En sondant la manière dont diverses formes d’“intelligences” peuvent venir au chevet du climat, Carlo Ratti, commissaire général de la 19e Biennale d’architecture de Venise, signe une édition spectaculaire, mais pleine d’ambivalences…

Une Biennale d’architecture placée sous le signe de l’intelligence ? Vu la trajectoire de son commissaire Carlo Ratti, il n’y a là rien qui doive surprendre. L’ingénieur et architecte italien est en effet à la tête du MIT Senseable City Lab, dont le crédo est de développer et mettre en œuvre divers outils et applications numériques permettant aux citadins de mieux interagir avec leur environnement. 

Le thème de la 19e édition de la Biennale de Venise ne se réduit pas pour autant à mesurer l’apport de l’intelligence artificielle dans le pilotage et la gestion des villes. En accordant le terme au pluriel, il s’agit plus largement de voir comment trois approches différentes - la première fondée sur la nature, la deuxième sur les technologies, la troisième sur l’humain et le collectif - peuvent se conjuguer pour répondre à un défi majeur : le dérèglement climatique. 

Des solutions de toutes natures

Dans la Corderie de l'Arsenal qui accueille pour cette édition l’exposition principale, l’enjeu est posé dès l’entrée. Plongés dans le noir, une série de climatiseurs y saturent l’air d’une chaleur étouffante. Il faut passer dans la salle suivante pour renouer avec la fraîcheur du bâtiment et découvrir un ensemble de “solutions” fondées sur la “nature” : végétaux, minéraux, mais aussi culture de micro-organismes…

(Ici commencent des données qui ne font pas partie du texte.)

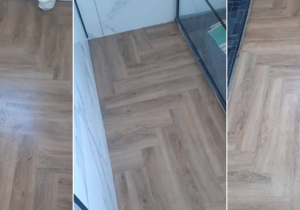 Stylish Herringbone Flooring Installed in Small Bathroom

Dans le pavillon du Canada, le projet Picoplanktonics mise sur la culture de plancton pour créer une architecture durable et résiliente


La salle suivante tranche avec la douceur de cette première section, où les matériaux les plus vernaculaires (briques, pierre, chaume, corde…) composent une série d’abris spectaculaires (arches, tentes, etc.) : on y aborde l’apport des nouvelles technologies au pilotage des villes via un ensemble de projets comme celui de Sidewalk Labs, chantre de la smart city imaginé pour la ville de Toronto, et abandonné.

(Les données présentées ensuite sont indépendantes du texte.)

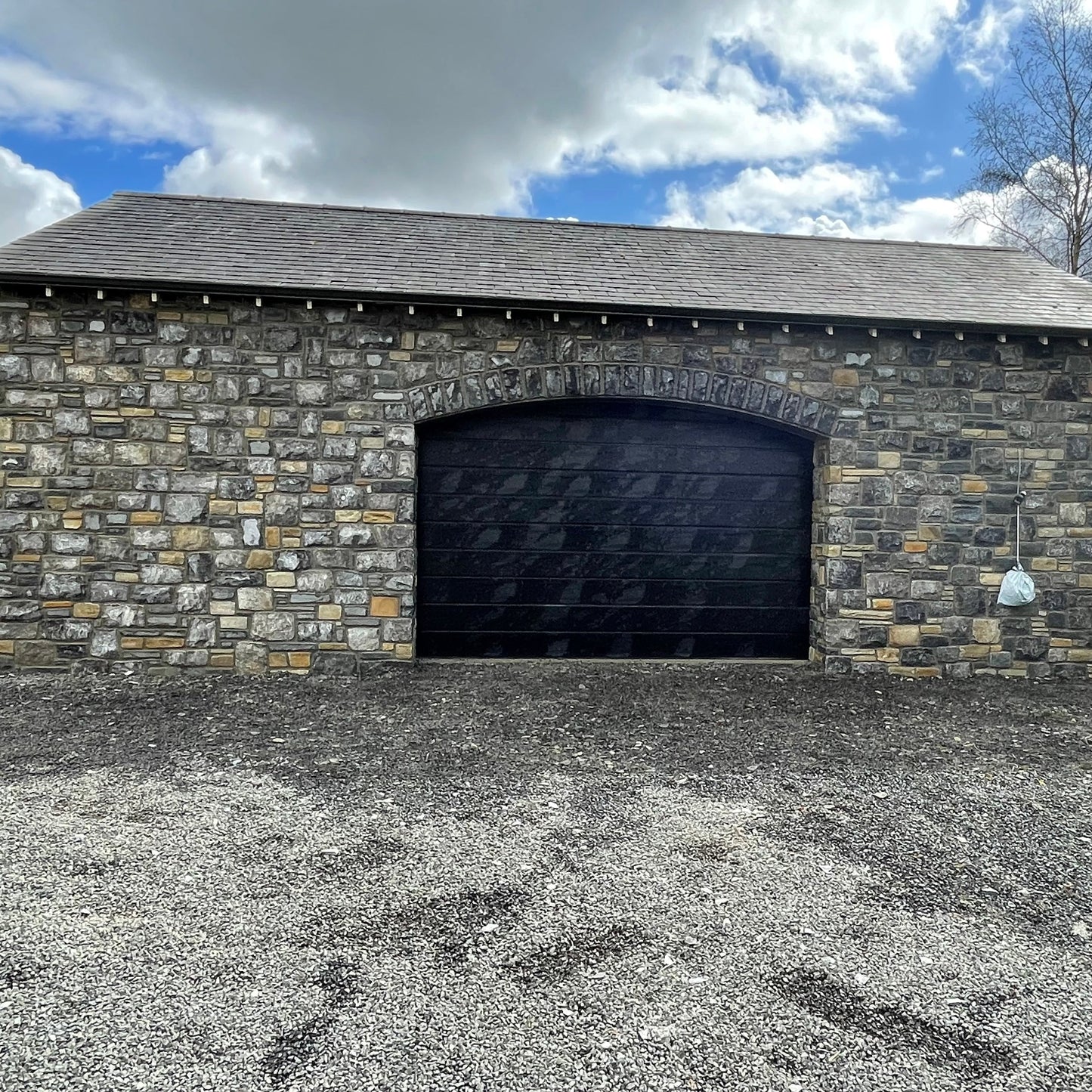 New build garage with a black door and a stone façade in Fieldstone Blend.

Am I a strange loop ? de Takashi Ikegami et Luc Steels dans la section "Artificial" de l'exposition à l'Arsenal

Il y est aussi possible d’y converser avec un robot humanoïde conçu par Takashi Ikegami et Luc Steels  (Am I a strange loop ?), qui semble à l’opposé de l’idée développée dans la salle suivante, selon laquelle c’est la discussion, le débat, l’agir politique qui sauveront le monde. Dans cette section, domine l’impressionnante agora en bois (le speaker’s corner) conçue par Christopher Hawthorne, Johnson Marklee et Florencia Rodriguez. S’y dégage l’idée générale que l’architecture et l’aménagement sont une forme de ménagement, une culture du soin et de l’attention. 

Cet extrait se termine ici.